「ダ・ヴィンチ・コード」の後は…?

 少し前、図書館に行って、幾つか本を借りたのですが…なかなか「これっ」というものには巡り会わないですね。そんな中、面白かったのが、ジェームズ・ロリンズの「マギの聖骨」でした。


マギの聖骨 (上)

マギの聖骨 (上)


マギの聖骨(下)

マギの聖骨(下)


 日本では翻訳作品の無い作家でしたが、アメリカではちょうど注目されていた作家のようです。それが、この作品でブレイクと言う感じでしょうか?最近では、インディ・ジョーンズ の最新作の、ノベライズ版も書いています。


 さて、この「マギの聖骨」は、「ダ・ヴィンチ・コード」で盛り上がった、ヨーロッパの歴史ミステリーに便乗した形で、宣伝されていました。
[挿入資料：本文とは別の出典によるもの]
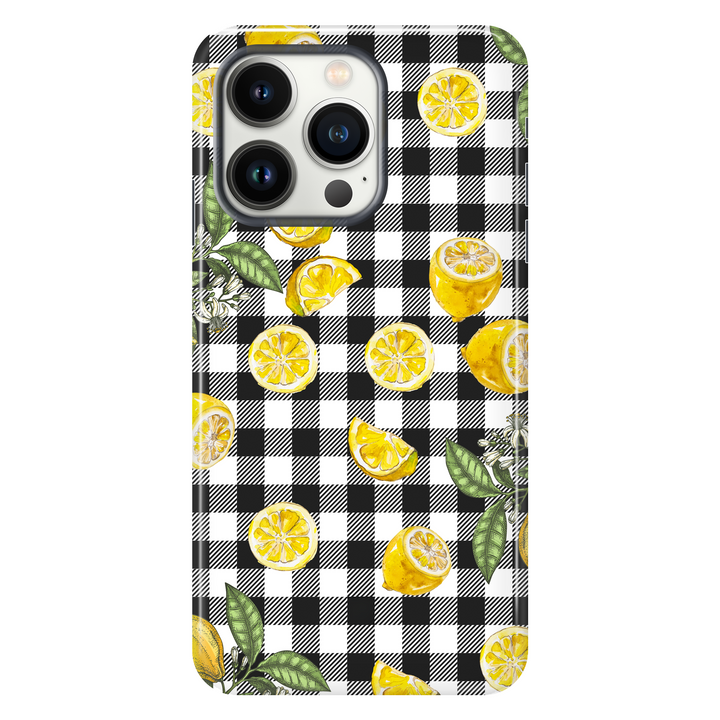 Gingham Lemons tough phone case for iPhone 13 Pro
「『ダ・ヴィンチ・コード』じゃ物足りない!!」というアナタ、こっちはスゴイぞ。
福井晴敏


 とキャッチフレーズがあったほどです。アメリカでも、「ダ・ヴィンチ・コード」が面白かった人に勧める本という形で、紹介もされていたようです。よくあるタイプの宣伝ですが…これは、本当に面白かったです (^^)


 舞台は現代、ドイツのケルン大聖堂が何物かに襲撃され、東方の三博士(マギ)の遺骨が奪われる所から話が始まります。その行方を追う主人公達は、各地の遺跡を回り、歴史に隠れていた真実に迫って行きます。
 「ダ・ヴィンチ・コード」と同じタイプの話に見えますが…大きな違いが二つあります。一つは、主人公がアメリカ特殊部隊の隊員である事。もう一つが、話全体が、ノンストップアクションである事です。「ダ・ヴィンチ・コード」というより、インディー・ジョーンズ + トゥームレイダー という感じです (^^;) こう言った映画が好きな方なら、楽しく読めるでしょう。このまま映画になりそうな内容でした。
 逆に、じっくり歴史ミステリーを楽しみたい人には、拍子抜けかもしれません。この本で語られる多くの事は、事実を元にしているものの、全体的には、ノストラダムス のようなオカルト的なものだからです。例えば、話の中で鍵となる物質ですが、日本では「ホワイト・パウダー・ゴールド」として、オカルト雑誌「ムー」で紹介されていたりします (^^;;;) 面白そうな物質なんですが、報告をあれど、まだ立証されていない物質みたいですね。
 ともあれ、歴史ミステリーをスパイスにした、アクション小説として読むのが正しいんじゃないかと思います。


 話自体は、なかなか秀作。楽しく読ませてもらいました (^^) 同じ主人公で、シリーズ化もされているので、こちらもいずれに読みたいと思います。未訳のものも多いし、原書にも挑戦してみようかな。